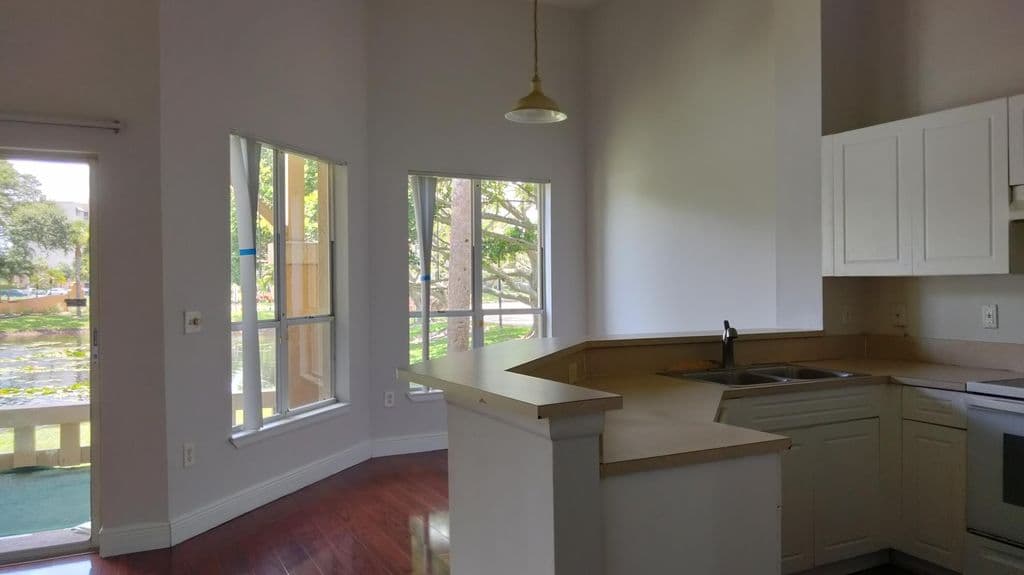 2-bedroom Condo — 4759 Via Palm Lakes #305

...

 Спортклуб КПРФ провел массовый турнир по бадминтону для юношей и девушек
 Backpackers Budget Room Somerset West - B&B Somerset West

--

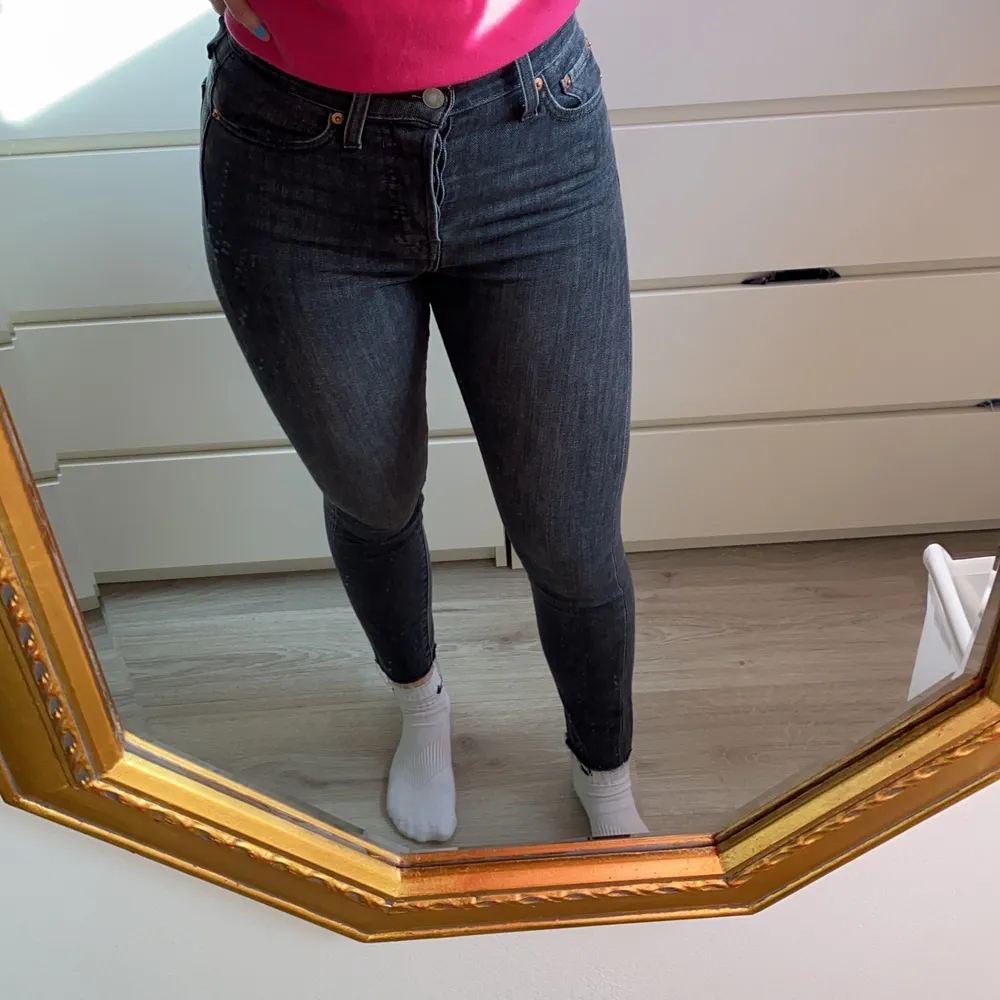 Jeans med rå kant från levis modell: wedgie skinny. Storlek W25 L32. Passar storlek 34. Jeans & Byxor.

Task item:
Once you reach the line with "Спортклуб КПРФ провел" in the data above, copy it and every line after it exactly, up to and including the line with "Backpackers Budget Room".

Solution to this exercise:
 Спортклуб КПРФ провел массовый турнир по бадминтону для юношей и девушек
 Backpackers Budget Room Somerset West - B&B Somerset West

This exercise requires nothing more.